Chinese makers have advantages in affordable prices and a wide range of models catering to different consumer needs, KPMG said. The average price of a Chinese EV was US$30,000 in Europe in 2022, according to KPMG, compared with more than US$45,000 for Tesla’s cheapest Model 3.

In 2022, Chinese NEV makers introduced 136 models for consumers to choose from, including 110 BEV models, ranking first in the world, KPMG said.

However, Chinese makers still lack brand familiarity among European consumers, understanding of the overseas market and effective globalisation strategies, said Kang.

For example, the top three Chinese BEV models sold in Europe last year were Volvo, MG, and Polestar – all European brands acquired by Chinese car companies, while China’s home-grown BEV models accounted for less than 2 per cent of all EVs sold in Europe, KPMG found.

Norbert Meyring, partner in charge of the automotive industry for KPMG China, suggested Chinese EV makers can improve their brand visibility by collaborating with local car dealers, or by acquiring more local car brands.

Setting up local stores, customer-service centres, and local production plants through greenfield investment are also common and effective actions for Chinese carmakers in the overseas market, said Kang.

Shenzhen-headquartered BYD, which last year overtook Tesla to become the world’s bestselling NEV brand, confirmed last month that it’s considering building a factory in France.

According to the European Automobile Manufacturers Association, by 2030, three out of every five cars in Europe will be electric.

“Exporting Chinese new-energy vehicles to Europe is an important step for the globalisation of China’s auto industry, and it is also an inevitable choice for China’s new-energy vehicle industry,” Michael Jiang, head of clients and markets at KPMG China said in the report.

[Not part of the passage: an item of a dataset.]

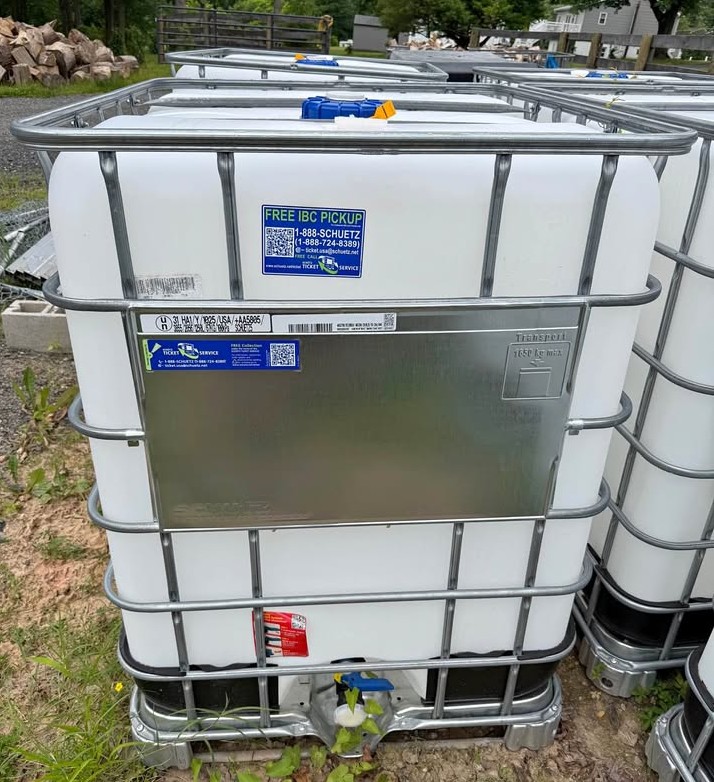 300-Liter-Gallonen-Wassertanks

Then, why it will only be 15% of the market inn 2025.


because of terror xi,

chinese cars will eventually be banned from oecd markets
 
Chinese cars are very dangerous with very poor safety

electric Chinese cars even worse
 
Chinese cars are very dangerous with very poor safety

electric Chinese cars even worse
Their local EVs are not too bad. Had taken morning and evening rides in one of the BYDs for a month and a half when I was at Shanghai.